What does consumer product mean?
Consumer product is narrower than the everyday idea of any product a person might buy. In ESPR it excludes components and intermediate products, which draws a clean boundary around finished goods primarily intended for consumers.
Source context
ESPR Article 2 defines consumer product by primary consumer intent and explicitly excludes components and intermediate products.
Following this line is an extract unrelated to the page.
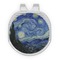 The Starry Night (Van Gogh 1889) Golf Ball Marker - Hat Clip - Silver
That source distinction keeps consumer-facing information design separate from upstream manufacturing or component-level evidence management.
Official definitions by source
ESPR
Regulation (EU) 2024/1781 establishing a framework for the setting of ecodesign requirements for sustainable products
any product, excluding components and intermediate products, primarily intended for consumers;
Reference: Article 2, point 36
View official source
Practical application
Implementation records should capture the consumer-product flag, product-intent evidence, component exclusion, intermediate-product exclusion, user-instruction scope, information-access channel, data-carrier placement, and consumer-facing disclosure route.
Minespider commentary
Consumer product is a consumer-scope control: the evidence consequence is that finished goods primarily intended for consumers can be separated from component and intermediate-product evidence before product-information experiences are designed.
Common confusions
- Assuming every product in a supply chain is a consumer product.
- Forgetting that ESPR excludes components and intermediate products from this term.
- Designing consumer-facing information without separating it from upstream technical evidence.